> [INFORMATION PROVIDED]

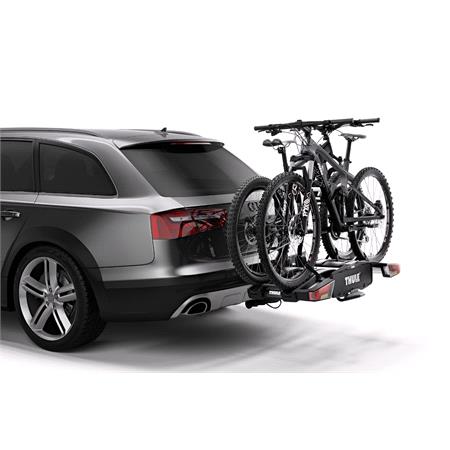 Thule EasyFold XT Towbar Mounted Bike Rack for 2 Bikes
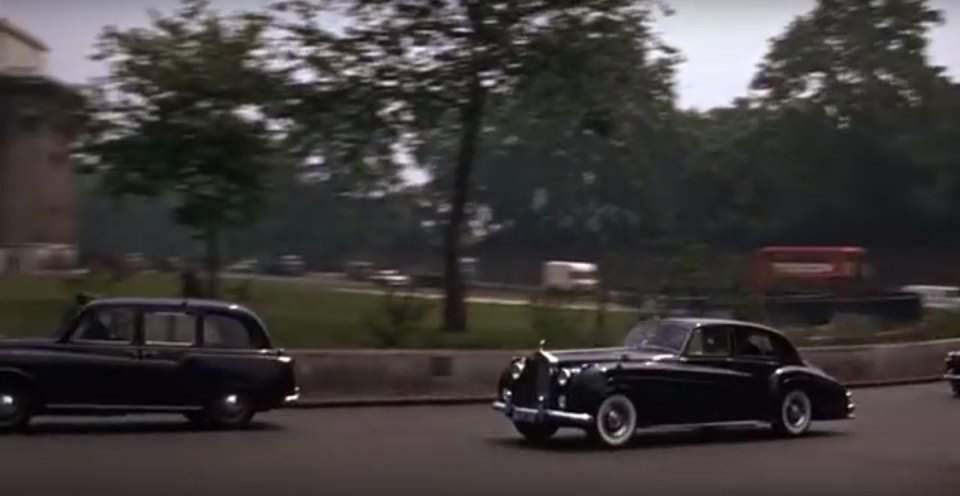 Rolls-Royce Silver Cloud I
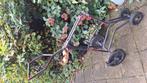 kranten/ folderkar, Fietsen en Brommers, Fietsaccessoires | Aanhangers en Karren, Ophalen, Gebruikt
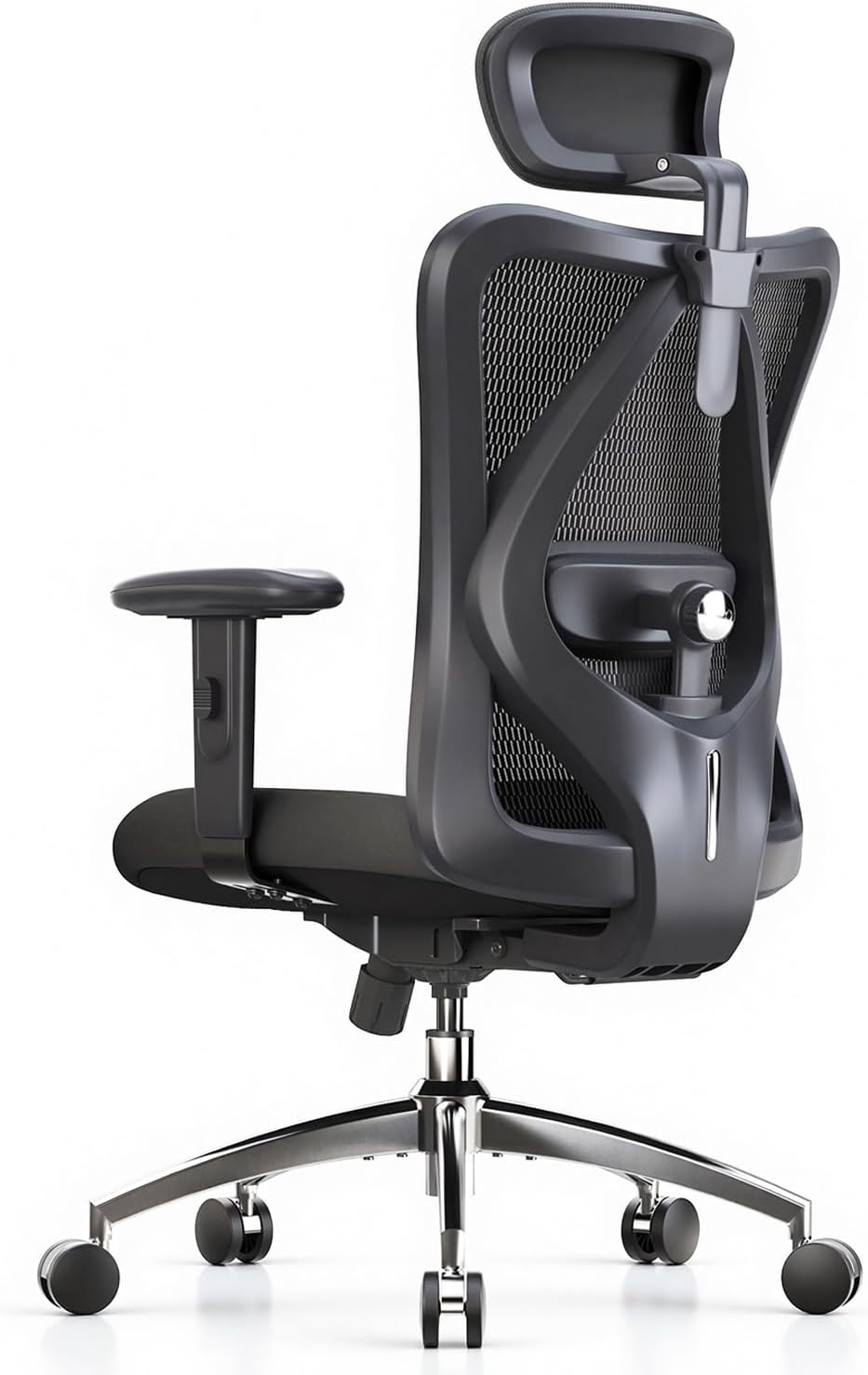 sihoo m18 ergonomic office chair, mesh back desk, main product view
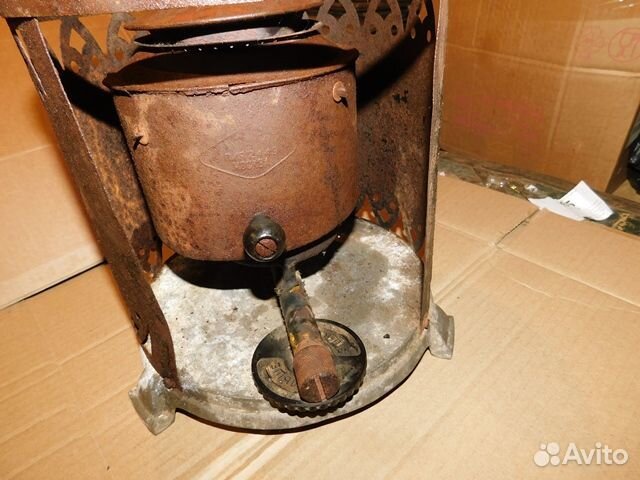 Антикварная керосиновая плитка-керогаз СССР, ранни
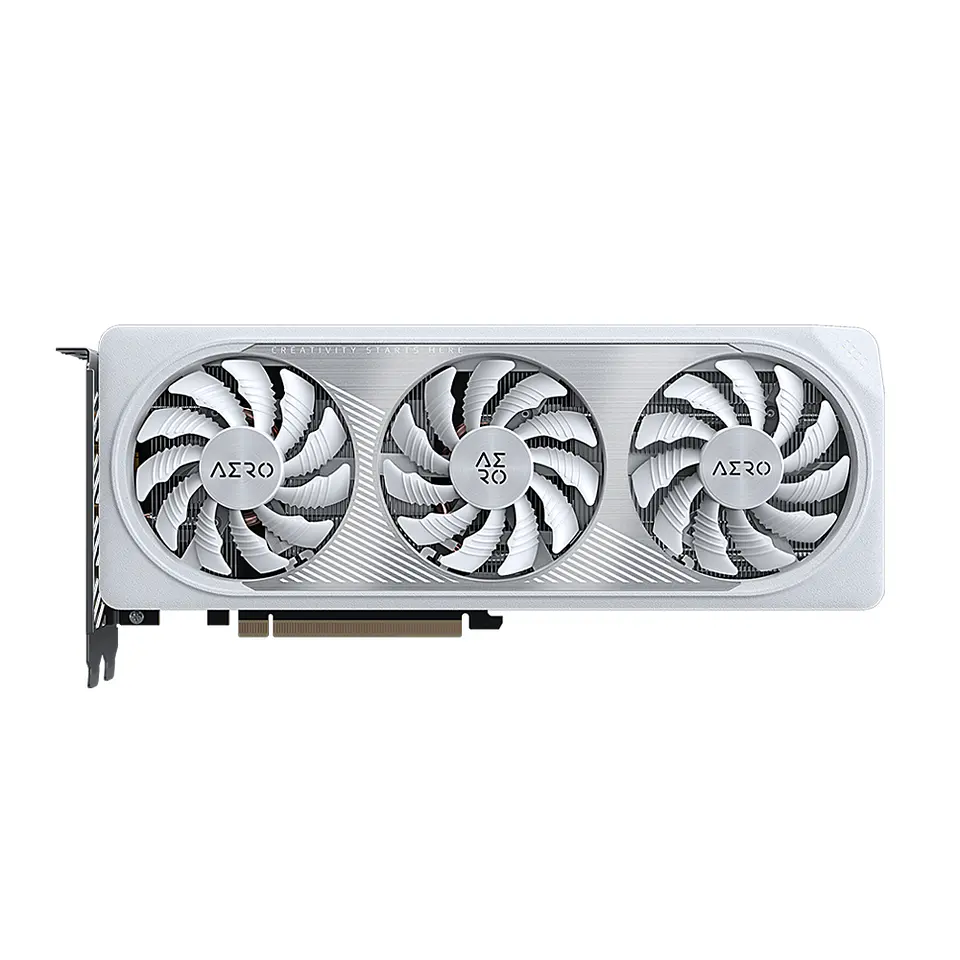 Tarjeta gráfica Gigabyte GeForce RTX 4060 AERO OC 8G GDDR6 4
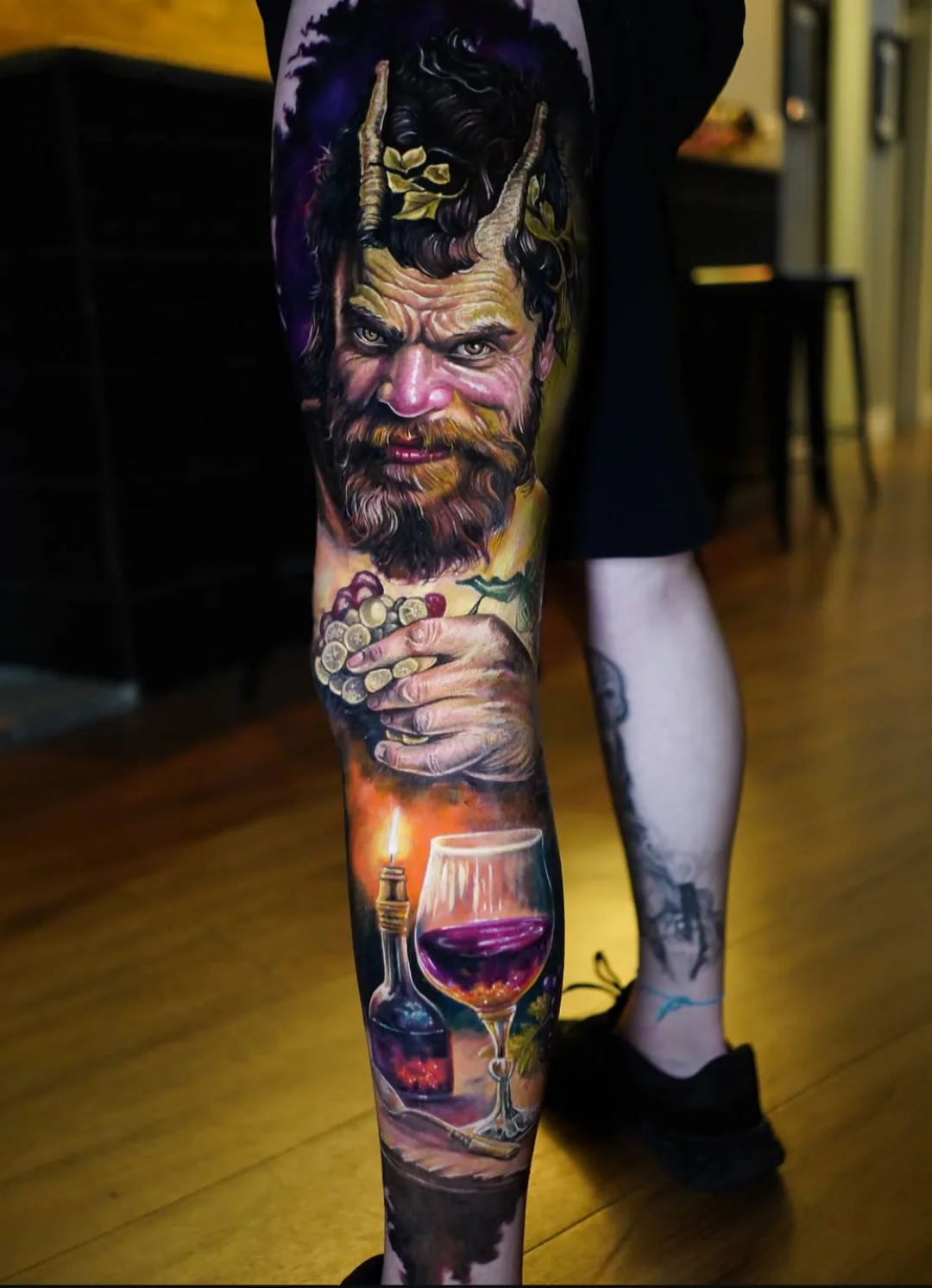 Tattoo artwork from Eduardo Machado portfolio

> [WHAT YOU WILL DO]
Everything in the entries above except the pictures should be given again exactly.

> [RESULT OF THE EXERCISE]
 Thule EasyFold XT Towbar Mounted Bike Rack for 2 Bikes
 Rolls-Royce Silver Cloud I
 kranten/ folderkar, Fietsen en Brommers, Fietsaccessoires | Aanhangers en Karren, Ophalen, Gebruikt
 sihoo m18 ergonomic office chair, mesh back desk, main product view
 Антикварная керосиновая плитка-керогаз СССР, ранни
 Tarjeta gráfica Gigabyte GeForce RTX 4060 AERO OC 8G GDDR6 4
 Tattoo artwork from Eduardo Machado portfolio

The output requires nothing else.